Budowle słynnego hiszpańskiego architekta się sypią
Budynki wzniesione całkiem niedawno, autorstwa światowej sławy architekta Santiago Calatravy, nie wytrzymują próby czasu.
2013-12-30, 17:52
Posłuchaj
Oddany przed zaledwie sześciu laty Pałac Sztuki w Walencji został zamknięty dla publiczności, bo od fasady budynku odpadają ciężkie, ceramiczne elementy. Wzniesienie budynku kosztowało prawie 500 mln euro.
Pałac Sztuki jest częścią tzw. Miasteczka Sztuki i Nauki - wizytówki Walencji, które miało przyciągać miliony turystów. Budowa kompleksu kosztowała łącznie miliard 300 mln euro - trzy razy tyle, ile pierwotnie planowano, a autorem projektu i głównym wykonawcą całości był także Santiago Calatrava.
Teraz władze Walencji żądają, aby architekt poniósł koszty naprawy budynku i przypominają, że od innej budowli odpada farba, a w jeszcze innej miasto musiało na własny koszt wymienić źle założone szyby.

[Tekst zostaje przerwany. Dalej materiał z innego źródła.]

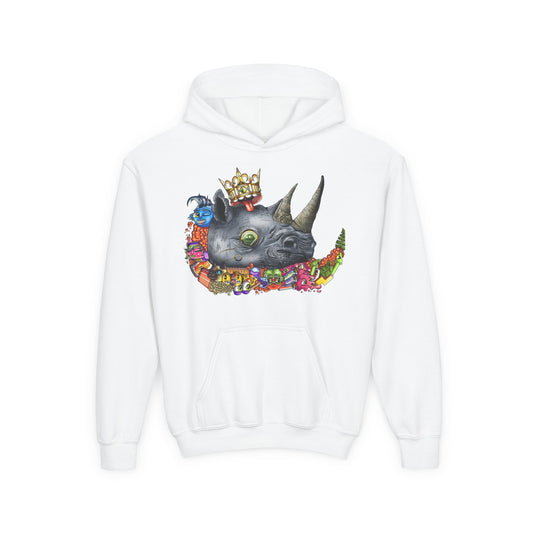 Youth Heavy Blend Hooded Sweatshirt-Doodle Rhino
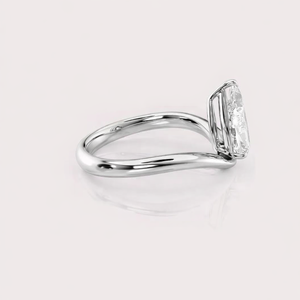 Anillo de Compromiso con Diamante Cultivado en Laboratorio con Certificación IGI, Forma de Pera, Plata de Ley 925, Diseño Cruzado - Product Image 2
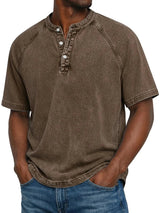 Henley Shirt Herren Kurzarm im Vintage-Look in Braun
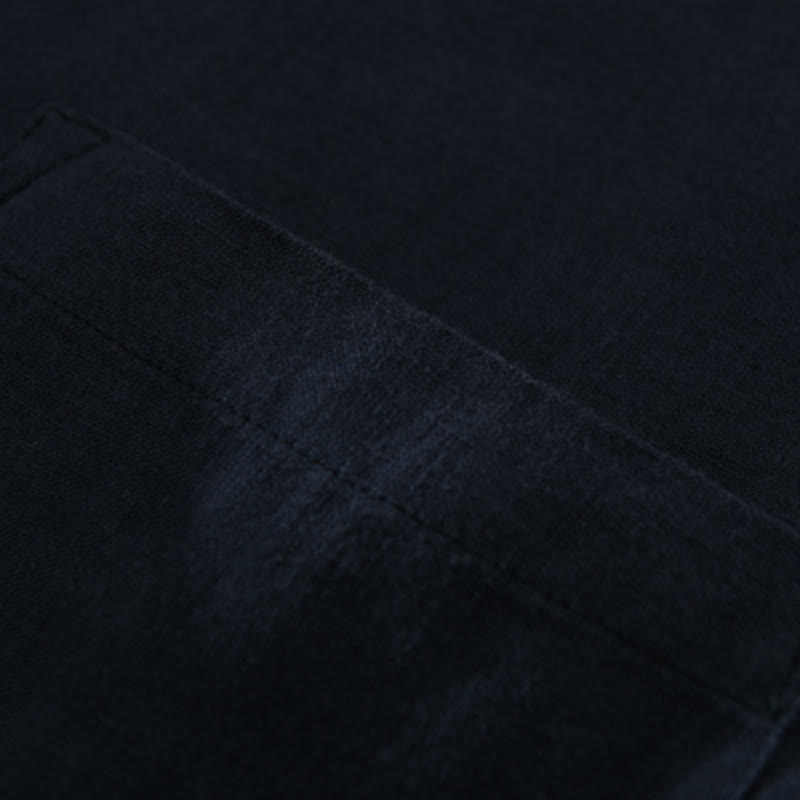 Buddha Stones Einfarbig Lose Langarm Halbknopfhemd Leinen Herrenbekleidung - image 10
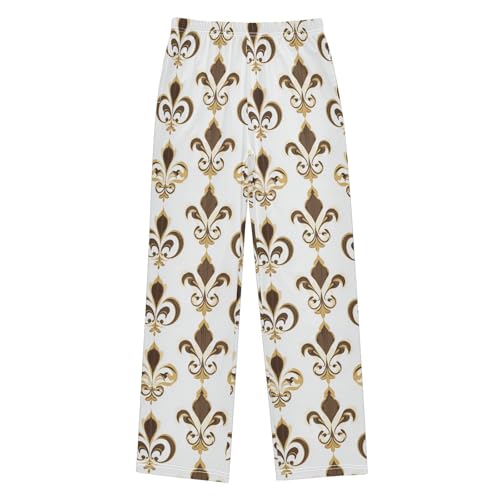 Golden Fleur De Lis Boys Long Pants Soft Trousers Elastic Waist Kids Lounge Bottoms with Pockets S-XL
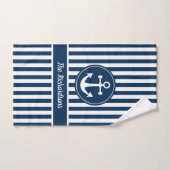 Nautisch anker met helling op de blauwe streepjes  bad handdoek (Handdoek)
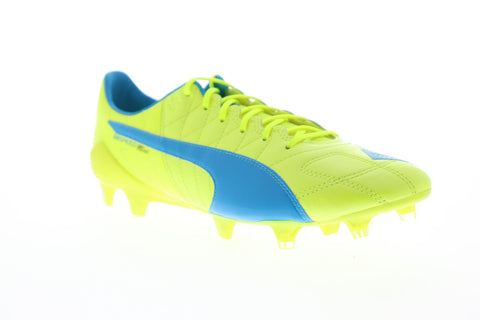 Puma Evospeed Sl Fg Mens Yellow Leather Athletic Lace Up Soccer Cleats Shoes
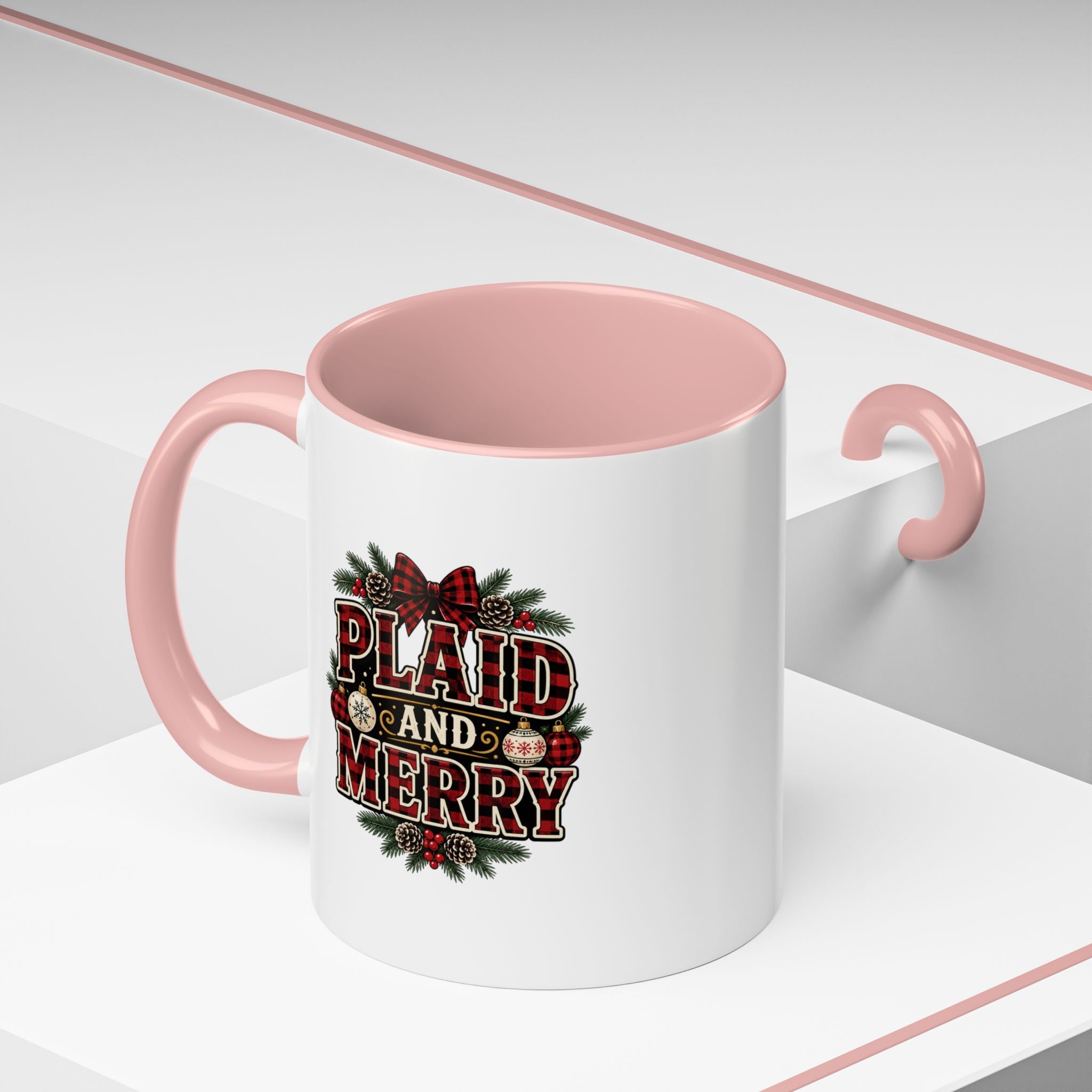 Plaid and Merry Accent Coffee Mug — Festive Buffalo Check Christmas Mug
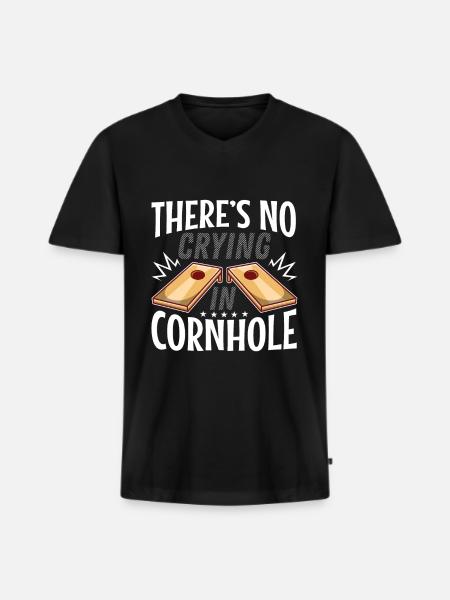Theres no crying in cornhole - Men's Premium Organic T-shirt with V-neck - black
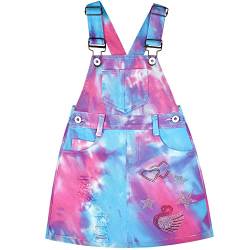 Peacolate 4-11 Jahre Sommer kleine Kinder Denim Hosenträger Rock Overall Kleid Hot Drill Flip Pailletten rosa Schwan (Schwan,4Jahre) von Peacolate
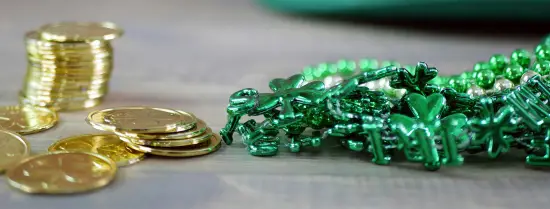 coins and green beads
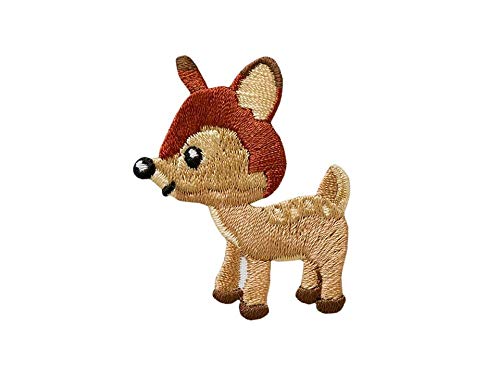 Mono-Quick Bügelbild Aufnäher Patch Applikation zum Aufbügeln REH Rehkitz 4,0 x 4,5 cm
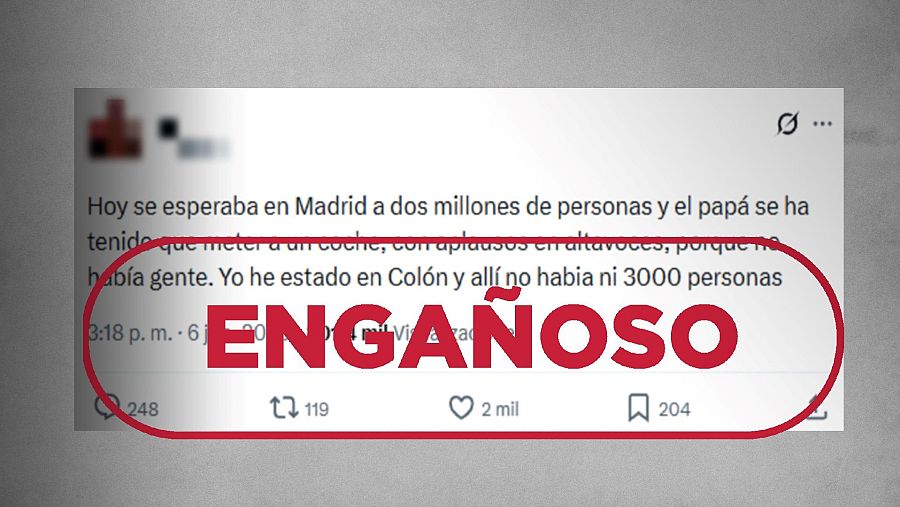 Mensaje engañoso sobre la afluencia de público en la visita del papa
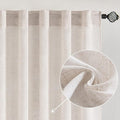 MIULEE White Linen Curtains 96 Inch Long by MIULEE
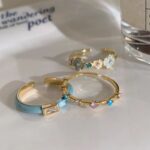 Blue Enamel Mother-of-Pearl Ring – Light Luxury Summer Statement Ring for Women - Image 9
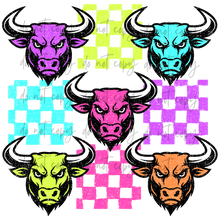 Load image into Gallery viewer, Neon Check Distressed Mascots TRANSFER CYBER JUNE 26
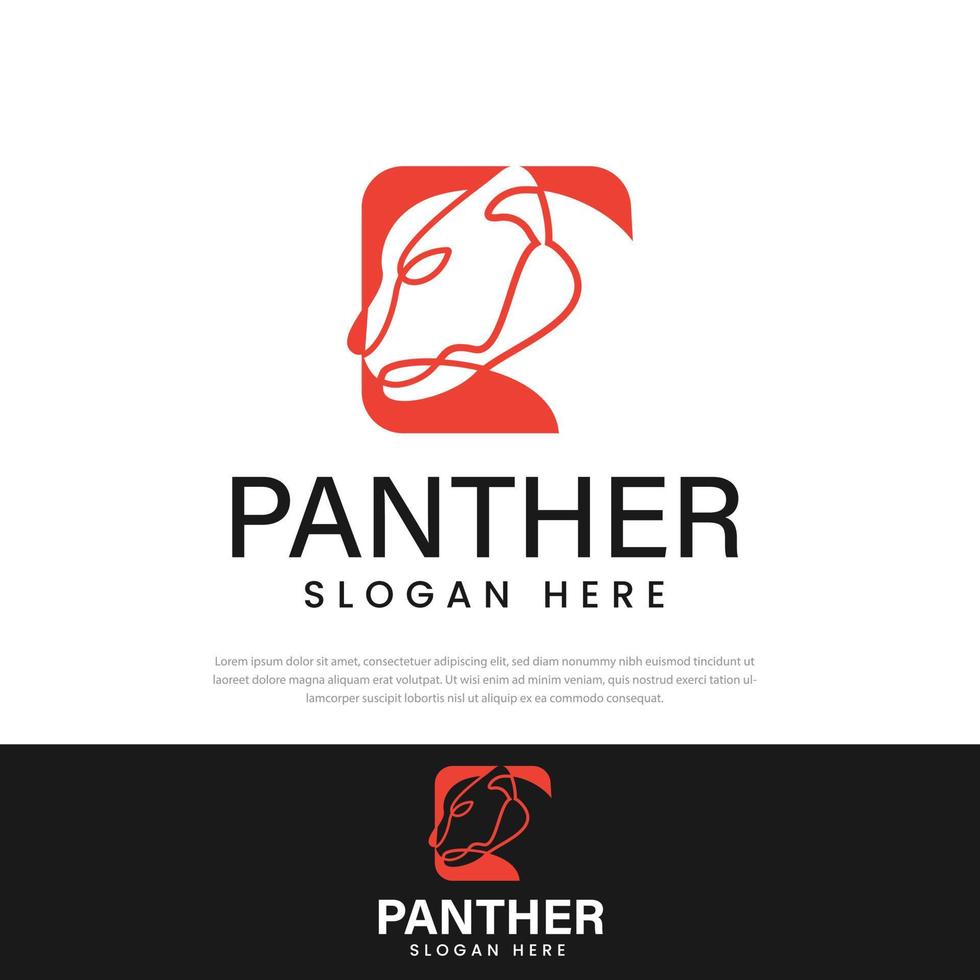 Simple line style panther head design logo, symbol, icon design template vector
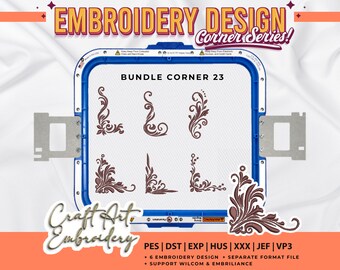 Rustic Brown Corner Embroidery Design Bundle - Versatile Patterns for Home Decor | Embroidery, Embroidery Corner, Embroidery Bundle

Wcześniej Calatrava miał wielokrotnie kłopoty z prawem. Do sądu podały go m.in. władze Wenecji, bo zbudowany przez niego most jest śliski i niedostosowany dla inwalidów. Architekt musiał też zapłacić 3 mln euro kary za błędy w budowie i wykończeniu muzeum w Oviedo, na północy Hiszpanii.
REKLAMA
Urodzony w 1951 roku w Walencji Santiago Calatrava jest autorem licznych budowli, o bardzo nowoczesnej futurystycznej formie, wzniesionych w wielu krajach świata, m.innymi w USA, Kanadzie, Szwajcarii, Niemczech czy Francji.